Since you are keeping your old paint you will need to prime it so that any underlying paint or varnish will not seep through to your new coats. Use the stain blocking primer and the base coat bristle brush to make a new coating. Once the new coat has dried you should sand it lightly with a fine grade sandpaper and again remove any dust with the tack cloth. You should re-coat the first layer with a second one for optimal results.

Step 3 - Using Oil-Based White Eggshell Paint

The next step will be to use oil-based white eggshell paint as a base for your subsequent paints or glazes. Remember that this kind of paint can be mixed with any artist’s oil colored paints of your choice. It is up to you to decide if you want white paint or colored oil paint. The only thing you need to remember is that with varnish the light shades will get darker. Now get the paint and standard decorator’s brushes and make at least two coats of eggshell paint. Make sure that the first coat has dried before applying the second one.

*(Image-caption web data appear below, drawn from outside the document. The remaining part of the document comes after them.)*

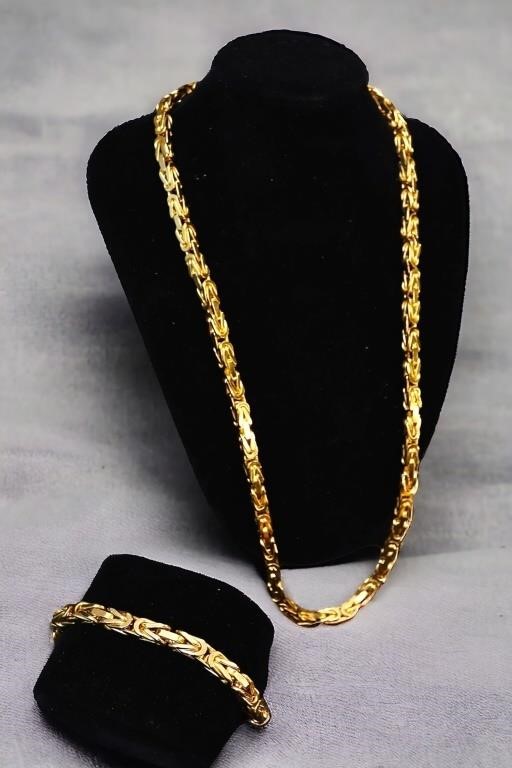 585 Italian Gold (14K) Necklace & Bracelet 161.9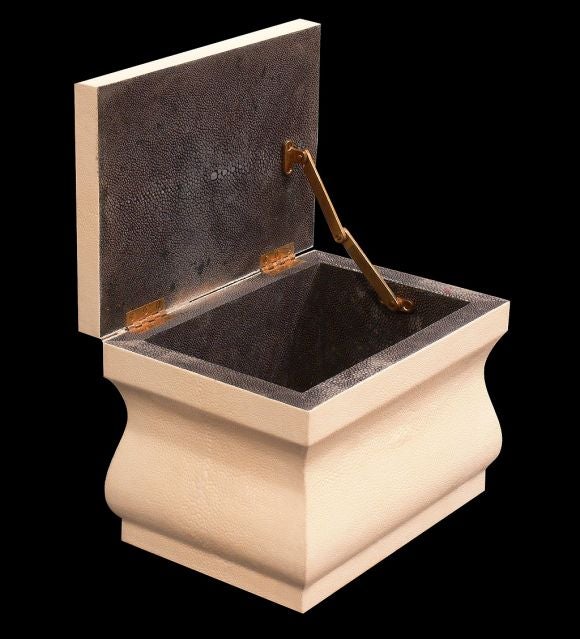 A beautiful real shagreen box signed and labelled by Karl Springer with brass tag. The S-curved mahogany box with canted top is covered on the exterior with exquisitely matched ivory shagreen. The interior in black shagreen with bronze mounts.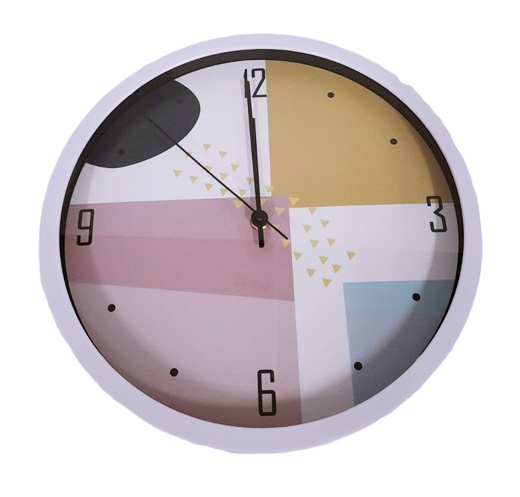 Часовник стенен Ф30 см пастелни цветове бяла рамка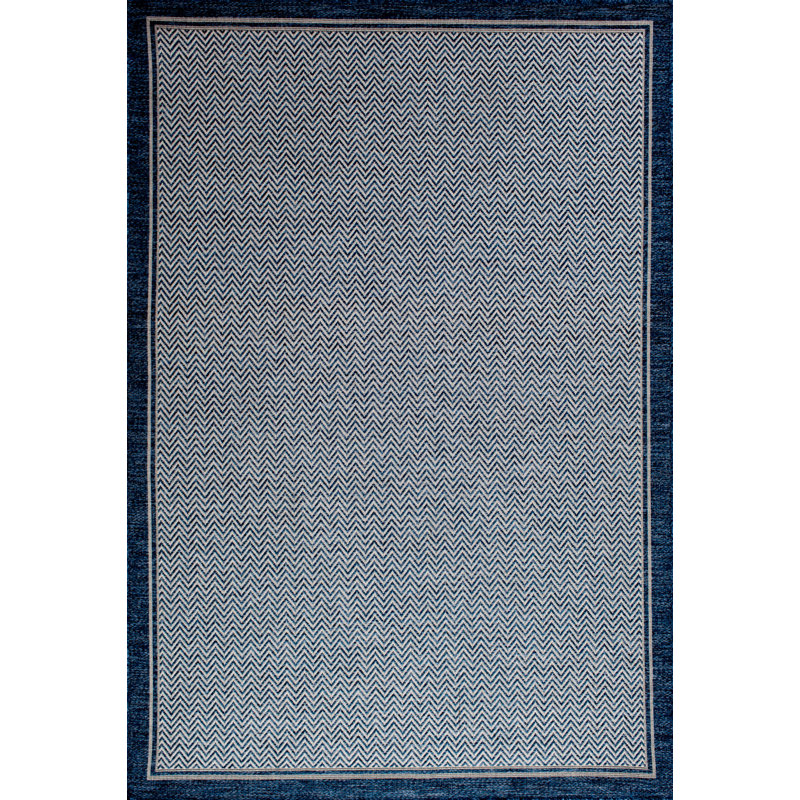 Ebern Designs Hampton Prinkalia Blue Area Rug, Rectangle 6'7" x 9'6"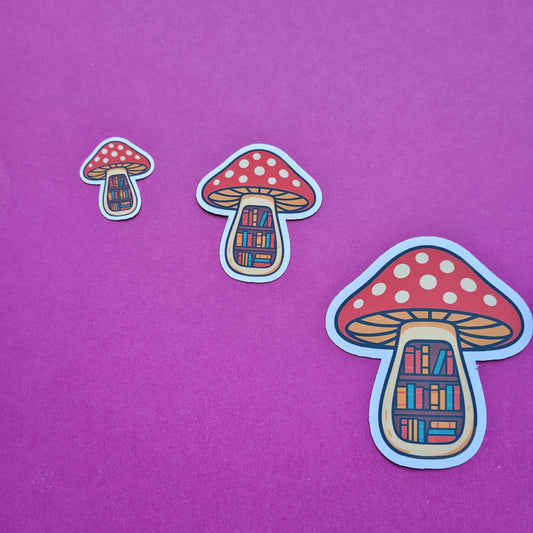 Sticker Fliegenpilz-Bücherregal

Step 4 – Applying Wood Stain

Once the eggshell coat has dried, use the 3 inch brush and randomly apply brown glaze over it.  Use a small mottler to even it out, in slightly overlapping sweeps. Now drag the mottle on the wet glaze in a series of elongated but overlapping arcs to create a heart shaped grain pattern always starting from the bottom and work upwards. You should use a soft bristle brush to soften the effect. Once it has dried off take the wood staining product and with a small paintbrush apply a coat onto the surface. Then quickly sweep a dry rag over the wet surface in the direction of the grain to remove some of the stain.

Step 5 – Applying Varnish

After the stain has dried you can now apply the varnish by using a soft bristled brush. First use a mixture of diluted varnish (20% varnish and 80% mineral spirits). Make sure to be quick in applying this varnish and to apply in thin, elongated overlapping strokes. Let it dry well and apply at least another 2 coats of non-diluted varnish.

Step 6 – Buffing the Varnish

After having applied the third coat of varnish, wait for 30 minutes and then buff it off by using a medium grade sandpaper to get the appearance of natural wood. Do not press too hard because that will scrape off all the work. Your faux wood finish project is now finished.

This is one of the most effective ways to get the faux wood finish on an already painted surface. Remember that stripping the paint from the furniture is not necessary when you are trying to achieve the natural wood stain appearance because you can create the stain yourself.